Fenchurch mexeu-se desconfortavelmente.
– E o problema – disse Arthur – é que, como eu não havia dito nada da primeira vez, ficou ainda
mais difícil levantar o assunto da segunda vez. O que eu poderia dizer? "Com licença... não pude deixar de
notar que..." Não dava mais. Não, eu o ignorei, até mesmo com mais vigor do que antes
– Esse é o meu homem...
– Olhei para as palavras cruzadas, novamente, não consegui fazer uma linha, aí, inspirando-me na
coragem de Henrique V no Dia de São Crispim...
– Ahn?
– Eu ataquei novamente.
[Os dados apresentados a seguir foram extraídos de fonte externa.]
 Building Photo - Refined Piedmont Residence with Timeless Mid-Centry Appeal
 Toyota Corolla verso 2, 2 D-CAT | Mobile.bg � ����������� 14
Peguei outro biscoito. E, por um momento, os nossos olhos se encontraram.
– Assim?
– Sim, bem, não, não desse jeito. Mas se encontraram. Por um breve instante. E nós dois desviamos
o olhar. Mas devo dizer – disse Arthur – que houve uma pequena eletricidade no ar. Havia uma pequena
tensão crescendo naquela mesa. Àquela altura.
– Imagino.
– Acabamos com o pacote assim. Ele, eu, ele, eu.
– O pacote todo?
– Bom, eram só oito biscoitos, mas parecia que toda uma vida de biscoitos havia se passado diante
de nós. Nem mesmo os gladiadores enfrentavam algo tão difícil.
– Os gladiadores – disse Fenchurch – teriam que fazer tudo isso sob um sol forte. Exige mais do
condicionamento físico.
– É, tem isso. Enfim. Quando o pacote vazio jazia morto entre nós, o cara finalmente se levantou, já
tendo feito o pior e foi embora. Eu suspirei aliviado, é claro. Anunciaram o meu trem um pouco depois,
então terminei o meu café, levantei, apanhei o jornal e, embaixo do jornal...
– Ahn?
– Estavam os meus biscoitos.
Douglas Adams

Um comentário:

Maria Izabel disse...

Haha, adorei o texto! Estou louca para ler esse livro.